3.2 Case study 1: Retrospective vaccine selection in fall 2009

As noted above, the WHO convenes VCMs twice per year (Morris et al., 2017). The northern hemisphere VCM occurs in February or March ahead of a winter season in October through April. The southern hemisphere VCM occurs in September or October ahead of a winter season in April through October. To demonstrate the utility of an interactive visualization of serological measurements for vaccine composition decisions, we performed a retrospective analysis of a H3N2 vaccine update made for the southern hemisphere in the fall of 2009. We used publicly available sequence and titer data (Bedford et al., 2014) to reconstruct a H3N2 HA phylogeny and measurements panel representing information that was available at the time of the VCM (see Methods). We note that the actual selection process used a richer dataset which is not publicly available to include here, and as such these data should be seen as representative of the process only.

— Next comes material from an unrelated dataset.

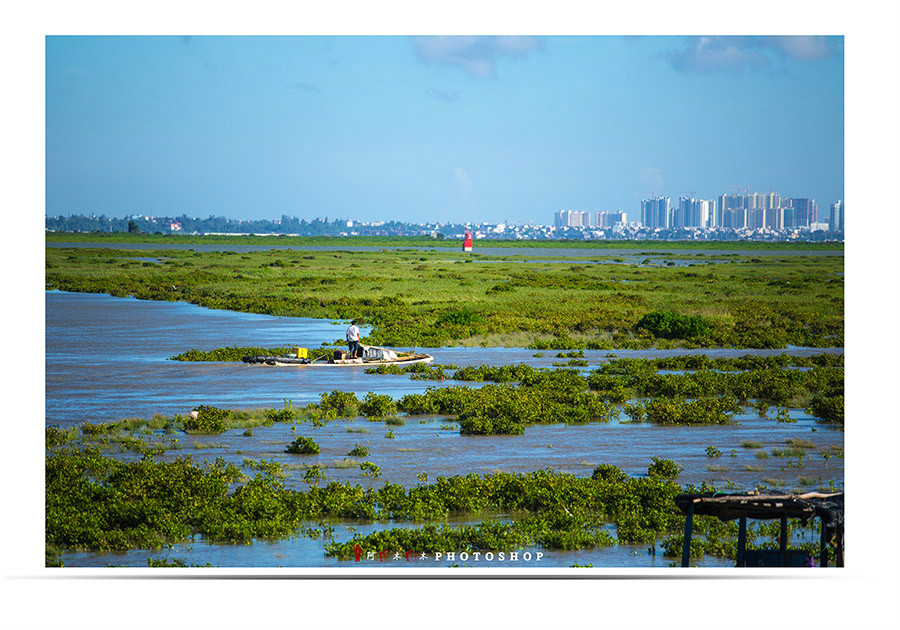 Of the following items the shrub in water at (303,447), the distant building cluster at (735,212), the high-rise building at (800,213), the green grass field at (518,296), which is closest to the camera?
the shrub in water at (303,447)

The VCM ahead of the 2010 southern hemisphere season occurred in September 2009. One major clade circulated at that time, 158N/189K, that descended from the previously dominant clade 193F (Figure 3A). The most recent H3N2 vaccine virus, A/Brisbane/10/2007, had been used for the two prior influenza seasons (2008 and 2009) and represented the older 193F clade (WHO, 2010). Prior to the A/Brisbane/10/2007 vaccine, A/Wisconsin/67/2005 had been the vaccine virus in the 2007 southern hemisphere season. While 193F dominated the 2008–2009 season, 158N/189K appeared to be dominant in September 2009. At the time of the VCM, titers for both A/Brisbane/10/2007 and A/Wisconsin/67/2005 against test viruses from 158N/189K exceeded the 2 log₂ threshold (Figure 3B), indicating their inability to cover this recent clade. In contrast, a newer vaccine candidate from the 158N/189K clade, A/Perth/16/2009, had a titer distance of −0.01 ± 0.67 log₂ units (mean ± standard deviation) against test viruses from the same clade. These results strongly supported an update from the previous vaccine virus to a vaccine based on A/Perth/16/2009. The WHO announced this decision on 25 September 2009.

FIGURE 3

FIGURE 3. Serological analysis of H3N2 clades around the time of the southern hemisphere vaccine composition meeting (VCM) for the 2010 influenza season. (A) Phylogenetic tree summarizing the clades circulating before and after the VCM in September 2009. At the time of the VCM, clade 158N/189K (yellowish green) was dominant, and A/Perth/16/2009 was the vaccine candidate from this clade. A/Brisbane/10/2007 (clade 193F) had been the southern hemisphere vaccine in 2008 and 2009 and A/Wisconsin/67/2005 (clade 193F) had been the vaccine in 2007. (B) HI titers for three vaccine candidates against test viruses from the two largest recent clades, using only data available prior to the final decision from the VCM (25 September 2009). HI titers greater than 2 log₂ indicate the inability of previous vaccines to cover viruses from the most recent clades. (C) Same as (B) but including test viruses and HI measurements collected after the VCM for 158N/189K and the largest new clade with HA1:145S, 145S.2. With mean HI titers less than 2 log₂, A/Perth/16/2009 covered 158N/189K viruses better than the previous vaccines.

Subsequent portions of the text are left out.